The hare had expired upon impact, which was good as Jarmok was rapidly feeling less well and a kicking hare would no doubt imbalance him all the more. This night's peculiar happenings would bear some investigation, but not tonight. He was too spent tonight. He would look into it tomorrow and go and talk to the others in the Protectorate.
He began to waver in his flight, but it was not much further to his cave; he began his descent, lowering his tail feathers for stability and cupping his broad wings.
He glanced for one last time at the stars, now familiar to him as friends. His sharpened eye alit upon a particularly red star that he had never noted before. He pulled up abruptly, correcting himself: that was no star. He didn't know what it was, but it was moving, like a large, mis-colored shooting star (he had taken to watching those in the long Venric nights with Mercer). But this was more constant, not as fleeting as a shooting star.
He hesitated for a moment then, torn between keeping his eye on this visitor and landing at his cave, now just below him. A sudden cramp in his back made the decision for him: he had to land.
He dropped the hare to lighten his load, and came down more swiftly than he would have hoped, alighting with jarring force upon the ground and tumbling, shifting back into himself, he came to an unceremonious halt laying on his back and staring up into the night. Some of the stars that he saw were inside of his now aching head, he knew.
He was more exhausted than he could remember ever having been. His fire had burned down to a warm bed of embers and he forced himself to sit up (painfully) and rekindle the flames.

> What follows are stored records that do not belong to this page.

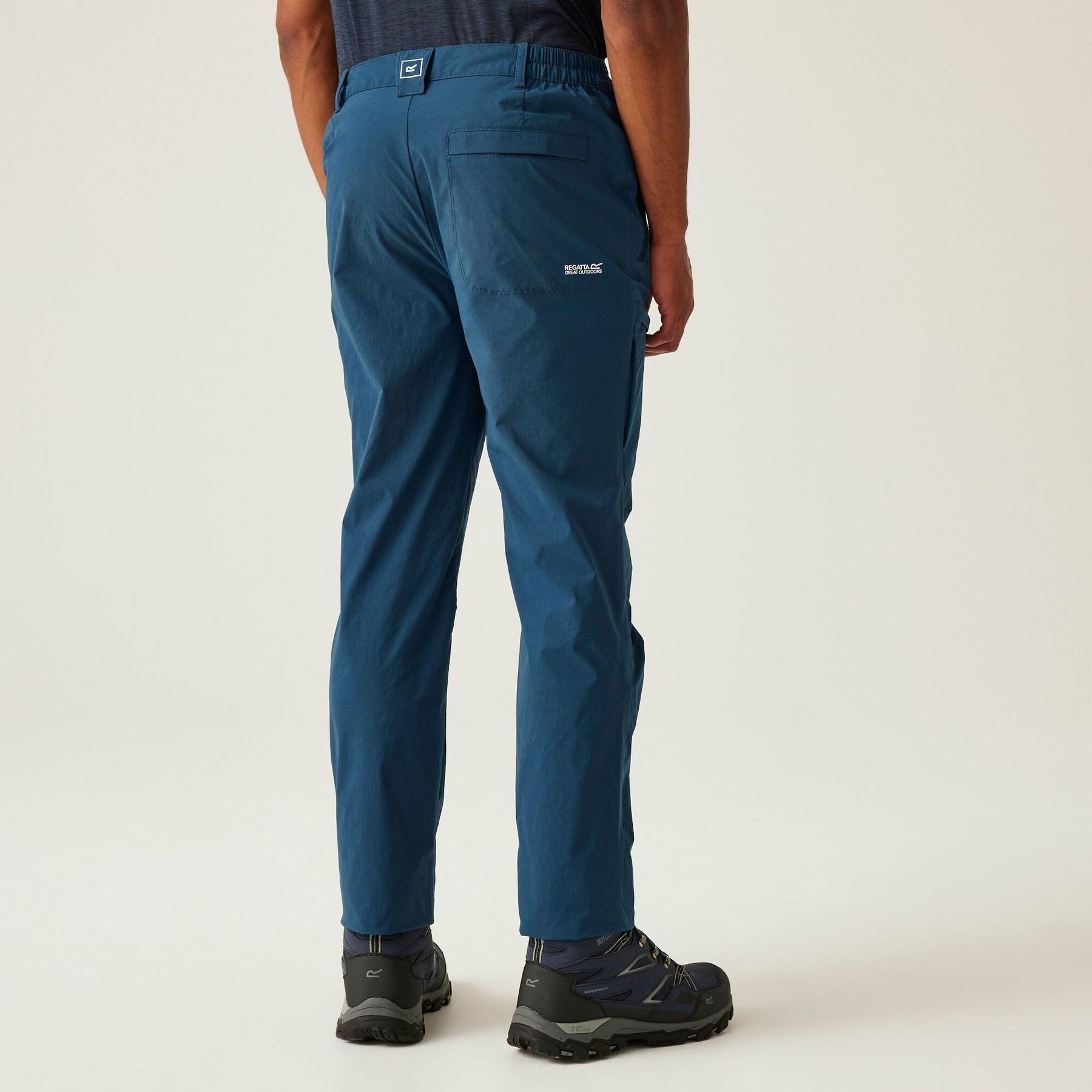 product/r/e/regatta_rmj318-zv7_moonlt-denim_2.jpg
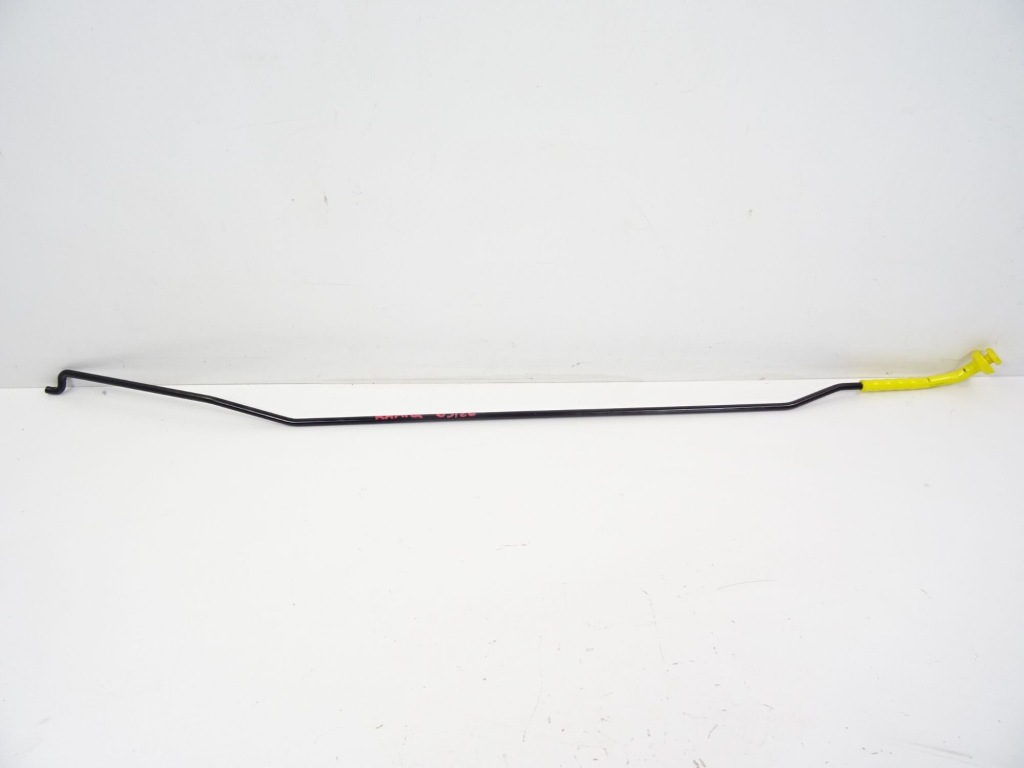 Купити Skoda kamiq підпора капот 654823363a 2019-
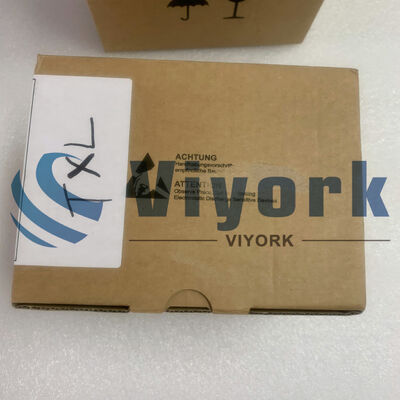 Siemens 1XP8001-21024 ROTARY PULSE ENCODER 12PIN 1024PPR +10V TO +30V (HTL) NEW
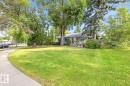 12115 141 Street Nw, Edmonton, AB 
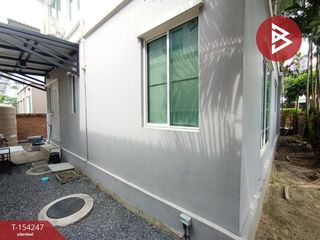 Haus zum Kauf mit 3 Zimmer in Wang Noi, Phra Nakhon Si Ayutthaya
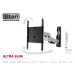 Vivanco TV Wandhalter Premium Slim 55"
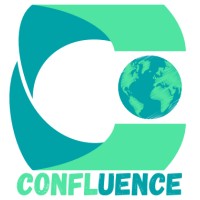 Confluence logo - Similar company to Confluence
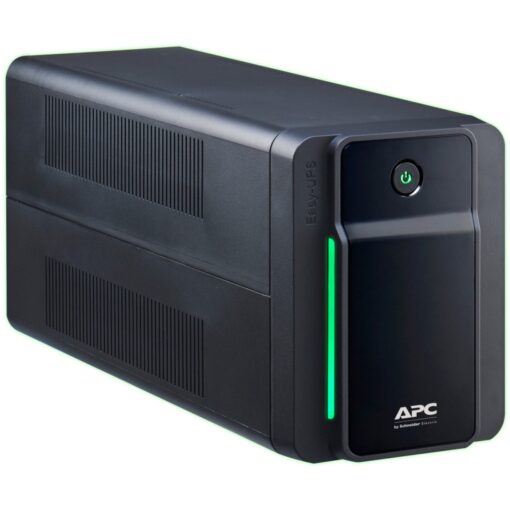 APC Easy UPS BVX 700VA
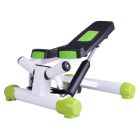 Mini twist stepper Ygnuj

He poured water from his skin over his head and drank of the stream tumbling over his face. The cool of the water alleviated the throb in his head somewhat.
As tired as he was, he needed to eat, which is why he had taken the hare in the first place. Jarmok was the sort that needed a lot of sustenance. He would routinely eat four or five times a day, and would often snack as well. As of this moment, he hadn?t eaten anything since the previous evening near dusk, and it was now past midnight and into tomorrow.
As he mechanically performed the prosaic task of preparing his rabbit, Jarmok thought long and hard on this night. He couldn't recall ever having felt such joy. Flying was a sensation that everyone should experience, and, he came to think, that everyone had that ability within them.
Of course, he reminded himself, perhaps only his own people had it in them. He had never heard of such shape shifting before, and were it either commonplace or rare (in that someone in the area might have evidenced this ability in the past) he thought that Mercer would have spoken on it at some point.
Whatever the case, it was an experience that breathed new life into Jarmok, as much as it left him piqued. Despite that fact, he knew that he would enjoy shape shifting in the future. What it might feel like to run like a stag or to swim like the beaver. He settled down, the scent of cooking rabbit easing him into comfort again. His head throbbed less and his euphoria overtook his various aches.
Life, he thought, was good...now that he had one.